I believe that a large part of the reason why I didn’t get support and why I still don’t get support for my projects or just looking out for my health is me. Perhaps I am wrong. Perhaps I have just had a string of bad luck. But I can’t help but feeling that I bear a mark, some punishment for a past life poorly lived. At least that is what the New Agers tell me. They are so full of it, but when I am on a swing downwards, they start to influence my thinking. Joel the cursed. Doomed to only being able to reach so high.

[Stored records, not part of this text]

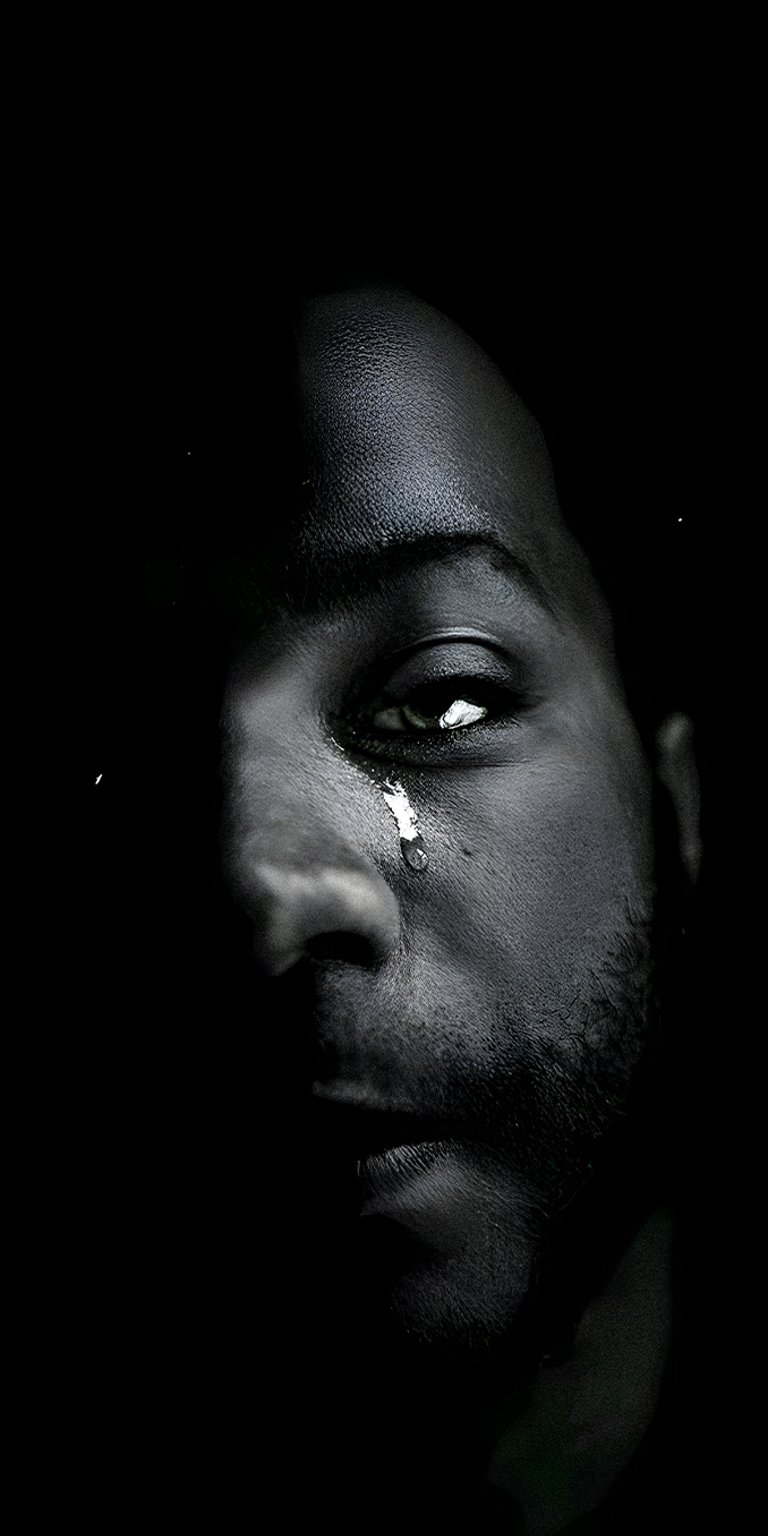Man crying with dark background wallpaper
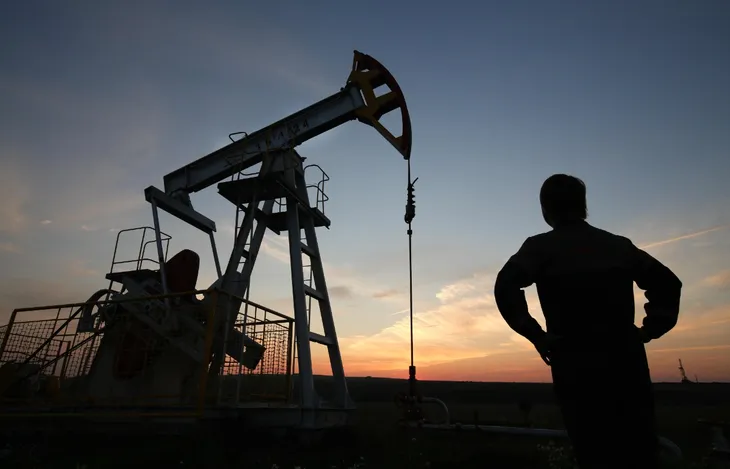 Silueta de un trabajador frente a un equipo de bombeo petrolero (pumpjack) en operación, con el cielo al atardecer de fondo.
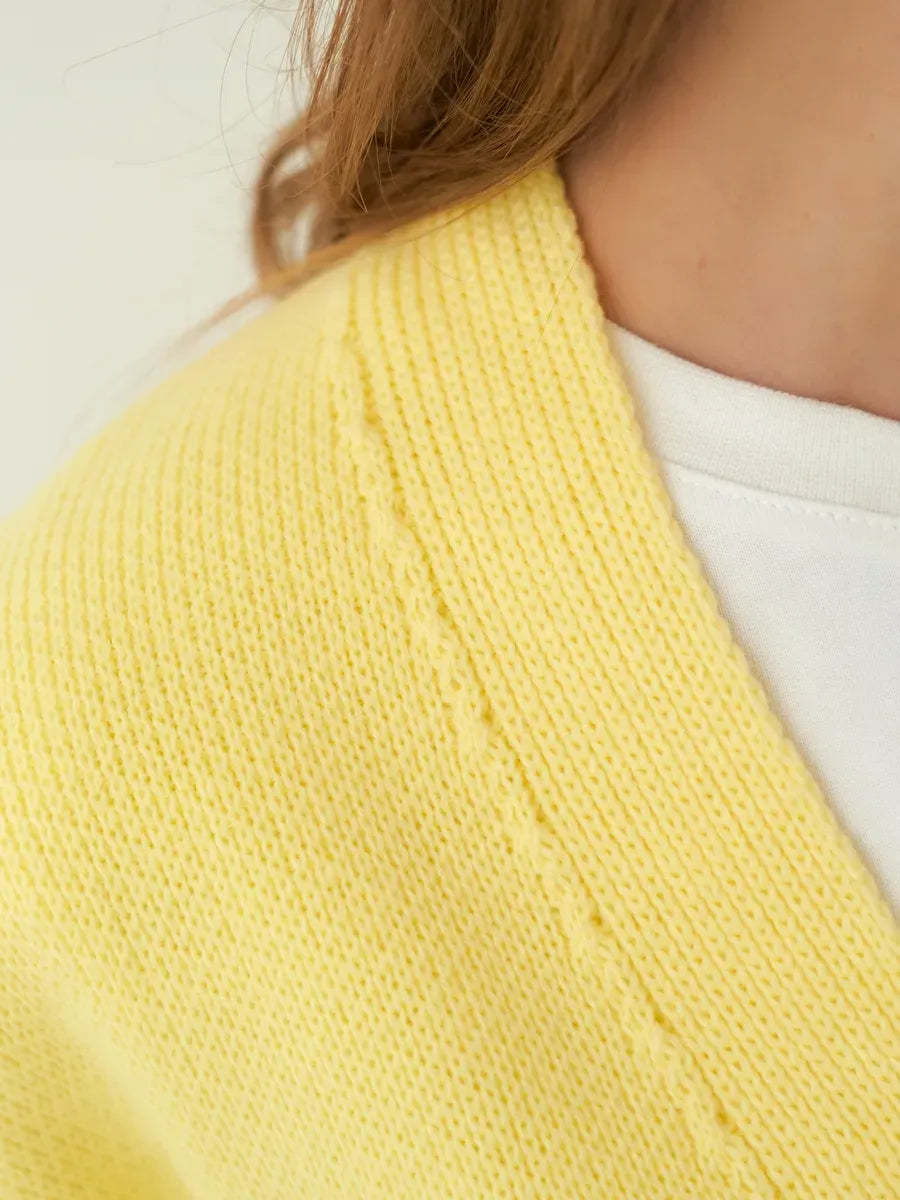 Sunny Cardigan by Lauven – Close-up of soft yellow knitwear texture and detail.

The news: I was told that Lynn’s Quaker Meeting is not able to give me the help that I need. They never really interviewed me except for the once. I can’t help but think that the reason why they won’t help has to do with the fact that I stood up for myself. If you want to help me, you have to understand that I have an illness. You have to realize that you can’t preach me out of a depression or out of mania. I won’t be tempted by religiosity.

What I need are people who will keep their promise to call me. What I need are people who will make sure that I get out for walks and do things. Many hands make light work, but I guess I don’t mean much to others because I spend most of my days entirely alone. And Wednesdays are the worst because I have nowhere to go.


I remain unsupported. Though I will thank Palo Alto Friends for releasing us from the debt we incurred when we borrowed from the Sharing Fund to rebuild my mouth. That was a blessing.

I don’t dream anymore. It’s not worth the trouble.